Chinese state media attempted to portray the “radical right wing” as the real threat looming in the wake of the assassination of conservative activist Charlie Kirk in a Tuesday editorial from the state-run Global Times, depicting alleged killer Tyler Robinson as a product of the right.
The Chinese Communist paper was horrified by the huge turnout in London for Tommy Robinson’s free speech rally, which included heartfelt tributes to Charlie Kirk. The authors went with the absurdly lowballed crowd estimate of 150,000 provided by British left-wing media, but the panicked tone of the article suggests they knew the turnout was much larger.
The Global Times glommed onto other left-wing narratives in Western media to hyperventilate about the London rally, and the broader response to Kirk’s murder across the free world, arguing this proves that the political right is the real danger, no matter how many left-wingers might be scribbling radical slogans on their bullets before pumping them into innocent people for the crime of speaking:
This London march has been interpreted by many Western media outlets as a large-scale eruption of emotions stemming from unresolved immigration issues and increasing social divisions. And the Kirk incident, which emerged as a political symbol during the protest, served as a stark reminder of increasingly radical right-wing narratives on a global scale. Some Chinese observers reached by the Global Times said radical right-wing icons, such as the march’s organizer Tommy Robinson and Kirk, are becoming increasingly appealing in the West.
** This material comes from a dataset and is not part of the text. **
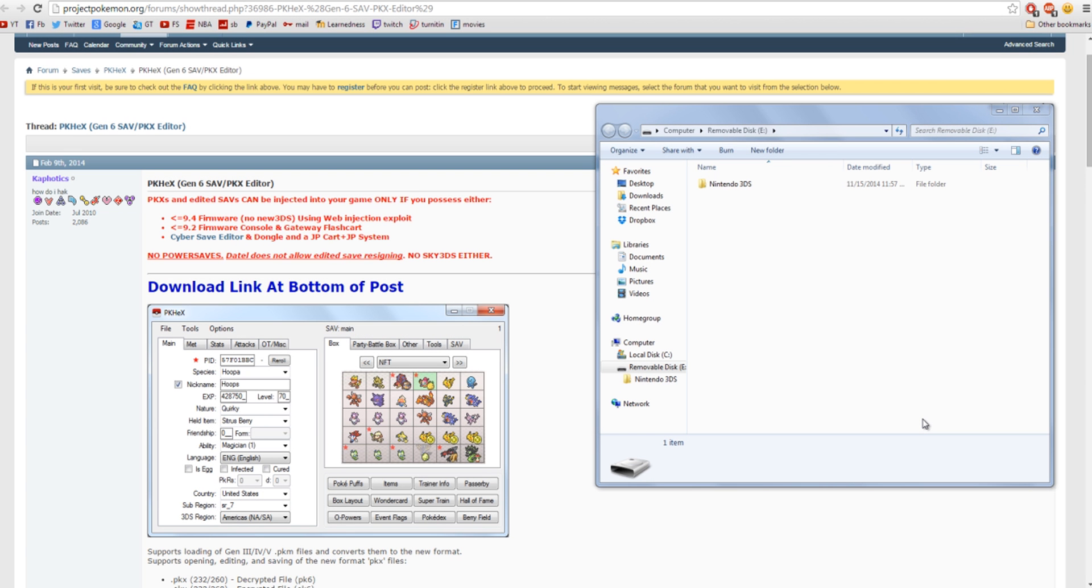Hello guys, what is up? This is Glantigood, and this is a tutorial on how you can quote-unquote Pokégen Pokémon into your Pokémon X or Y cartridge, or Pokémon Omega Ruby, not the Sapphire cartridge.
The Global Times’ effort to smear Robinson as a dangerous radical for opposing mass migration is a stark contrast to communist China’s steadfast refusal to accept refugees or migrants. Hypocrisy never inhibits Communist rhetoric, so the Global Times plowed ahead with its “detailed look at the rise of radical right-wing online influencers and opinion leaders like Robinson and Kirk.”
The article ran into thousands of words, but it was nothing more than the Global Times stitching together every unflattering post about right-wingers it could find on Democrat Party media websites.
Nothing of substance was said about Kirk and the seismic movement to the right his murder appears to be inspiring among ordinary Americans, or about Robinson speaking up for the very real concerns of Britons who have been abandoned by their political elites.
“Social media platforms have become a kind of powerful magnetic field for right-wing influencers in this era of information explosion, continuously drawing the attention of an ever-growing public,” the Global Times intoned, oblivious to the huge and real story about the malevolent influence of the online Left and the exposure of the murderous online sewers Tyler Robinson allegedly swam in.
In fact, the Global Times had nothing at all to say about the Left or left-wing violence in its lengthy screed. Not a word was written about the epidemic of left-wing doctors, nurses, teachers, and public officials losing their jobs for celebrating Kirk’s murder and encouraging more violence.
The proverbial visitor from Mars getting his news from the Chinese Communist paper would assume a right-winger had just murdered a prominent leftist — and indeed, the Global Times felt it necessary to quote the already-fading left-media effort to pretend the killer was some sort of crypto-right-winger.
“Moreover, the suspect involved in the killing of Kirk has been identified as Tyler Robinson who comes from a MAGA family. According to CNN, one of Robinson’s former classmates said that several years ago in high school, Robinson — like his family —was politically conservative, and Robinson’s neighbors said that his parents are registered Republicans,” the Global Times wheezed, writing at roughly the same time that ABC News was rhapsodizing over the killer’s beautiful transsexual love story.
The Global Times topped off its reheated mainstream media leftovers with one of its favorite “Chinese experts,” professor Cui Hongjian of Beijing Foreign Studies University, to explain that authoritarian communism is so much better at dealing with political unrest than constitutionally-limited democracy.
Cui said the “right-wing surge” was caused by “certain contradictions” in the free-world model of government.
“These contradictions, such as unequal distribution, sluggish economic growth, relative impoverishment of the populace, and external turmoil, unfortunately, are hardly thoroughly resolved by current Western political systems. And these are precisely the root causes of the current predicament of the West,” he said.